Lines from the one containing "Gervon Dexter from" through the last line of the records below are to be repeated exactly.
[Dataset entries — start]
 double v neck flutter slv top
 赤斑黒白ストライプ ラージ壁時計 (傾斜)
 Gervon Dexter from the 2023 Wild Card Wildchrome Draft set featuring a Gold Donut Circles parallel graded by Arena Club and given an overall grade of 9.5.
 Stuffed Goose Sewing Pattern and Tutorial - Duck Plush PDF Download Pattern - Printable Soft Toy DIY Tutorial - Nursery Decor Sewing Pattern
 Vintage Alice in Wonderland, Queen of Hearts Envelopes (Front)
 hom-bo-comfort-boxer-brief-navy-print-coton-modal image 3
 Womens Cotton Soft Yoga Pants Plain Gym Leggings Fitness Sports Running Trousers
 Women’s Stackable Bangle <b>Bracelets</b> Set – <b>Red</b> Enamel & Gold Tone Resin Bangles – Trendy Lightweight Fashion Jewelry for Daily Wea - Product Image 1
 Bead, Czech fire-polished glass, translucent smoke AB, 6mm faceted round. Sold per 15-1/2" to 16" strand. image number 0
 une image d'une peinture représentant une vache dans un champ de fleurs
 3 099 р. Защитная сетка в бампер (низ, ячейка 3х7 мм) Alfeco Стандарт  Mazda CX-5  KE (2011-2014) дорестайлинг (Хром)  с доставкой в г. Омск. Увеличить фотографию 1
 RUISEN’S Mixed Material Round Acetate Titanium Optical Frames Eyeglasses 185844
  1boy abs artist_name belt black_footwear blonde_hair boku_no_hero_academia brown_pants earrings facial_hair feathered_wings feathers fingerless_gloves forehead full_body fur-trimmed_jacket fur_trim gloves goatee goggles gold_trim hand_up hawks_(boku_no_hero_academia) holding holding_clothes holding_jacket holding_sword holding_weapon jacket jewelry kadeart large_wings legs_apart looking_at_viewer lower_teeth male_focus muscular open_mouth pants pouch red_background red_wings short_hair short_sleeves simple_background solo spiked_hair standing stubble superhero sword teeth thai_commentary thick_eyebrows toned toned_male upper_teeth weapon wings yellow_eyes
[Dataset entries — finish]
**Task output:**
 Gervon Dexter from the 2023 Wild Card Wildchrome Draft set featuring a Gold Donut Circles parallel graded by Arena Club and given an overall grade of 9.5.
 Stuffed Goose Sewing Pattern and Tutorial - Duck Plush PDF Download Pattern - Printable Soft Toy DIY Tutorial - Nursery Decor Sewing Pattern
 Vintage Alice in Wonderland, Queen of Hearts Envelopes (Front)
 hom-bo-comfort-boxer-brief-navy-print-coton-modal image 3
 Womens Cotton Soft Yoga Pants Plain Gym Leggings Fitness Sports Running Trousers
 Women’s Stackable Bangle <b>Bracelets</b> Set – <b>Red</b> Enamel & Gold Tone Resin Bangles – Trendy Lightweight Fashion Jewelry for Daily Wea - Product Image 1
 Bead, Czech fire-polished glass, translucent smoke AB, 6mm faceted round. Sold per 15-1/2" to 16" strand. image number 0
 une image d'une peinture représentant une vache dans un champ de fleurs
 3 099 р. Защитная сетка в бампер (низ, ячейка 3х7 мм) Alfeco Стандарт  Mazda CX-5  KE (2011-2014) дорестайлинг (Хром)  с доставкой в г. Омск. Увеличить фотографию 1
 RUISEN’S Mixed Material Round Acetate Titanium Optical Frames Eyeglasses 185844
  1boy abs artist_name belt black_footwear blonde_hair boku_no_hero_academia brown_pants earrings facial_hair feathered_wings feathers fingerless_gloves forehead full_body fur-trimmed_jacket fur_trim gloves goatee goggles gold_trim hand_up hawks_(boku_no_hero_academia) holding holding_clothes holding_jacket holding_sword holding_weapon jacket jewelry kadeart large_wings legs_apart looking_at_viewer lower_teeth male_focus muscular open_mouth pants pouch red_background red_wings short_hair short_sleeves simple_background solo spiked_hair standing stubble superhero sword teeth thai_commentary thick_eyebrows toned toned_male upper_teeth weapon wings yellow_eyes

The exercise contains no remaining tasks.